# Yellowhammer Woodpecker Sound for Foxpro?



## El Gato Loco

Where can I get this sound in a digital download? Was this only produced by Johnny Stewart?

Hoping to find a good quality version for my Foxpro.

Thanks!


----------



## showmeyote

yup it was a good sound for the old stewart callers. i called in my first yote with that pecker!! there is one on my fury that is very similer, my gear is still in the truck if i can remember to, ill see what sound and # it is from fox


----------



## youngdon

I'd be interested in that sound number as well.


----------



## On a call

Well I know I have at least one copy in with my other tapes. I used it often but it only seemed like fox liked it. I am going to look into copy rights on it and if it is not protected I'll write JS and see if it is ok to copy and release to you guys.

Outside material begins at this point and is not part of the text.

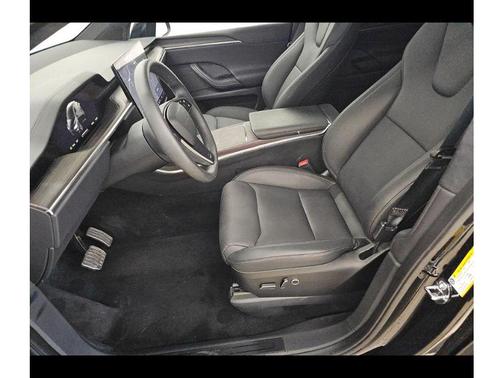 2025 Tesla Model X Long Range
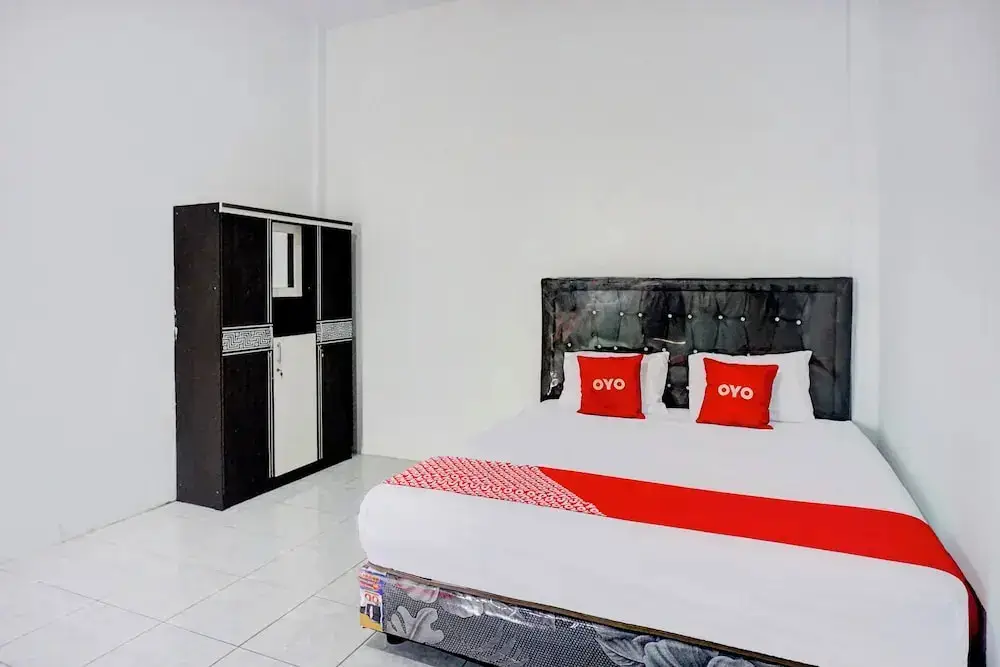 Медан: Hotel O Alhamra Guest House Near Mesjid Raya Al- Mashun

Just send me a pm if you might be interested.


----------



## showmeyote

It is sound #B00 on foxpro. Like i said above its very similer to the yellowbelly, foxpro calls it raspy woodpecker


----------



## Furtaker

I can be done by recording the sound to your computer using the tape player and saving it into a mp3 or wave file. The foxpro products will play them and it is aproved by foxpro. I put the yellow hammmer wood pecker on my fx3 and it works just like the rest of the sounds.


----------



## Helmet_S

are Foxpro sounds availible in MP3 format and will they play on lets say an IPOD. I have a cheap setup and need some more sounds.


----------



## Furtaker

No you cant play foxpro sounds in anything but a foxpro because they are in an .fxp format. Sorry.


----------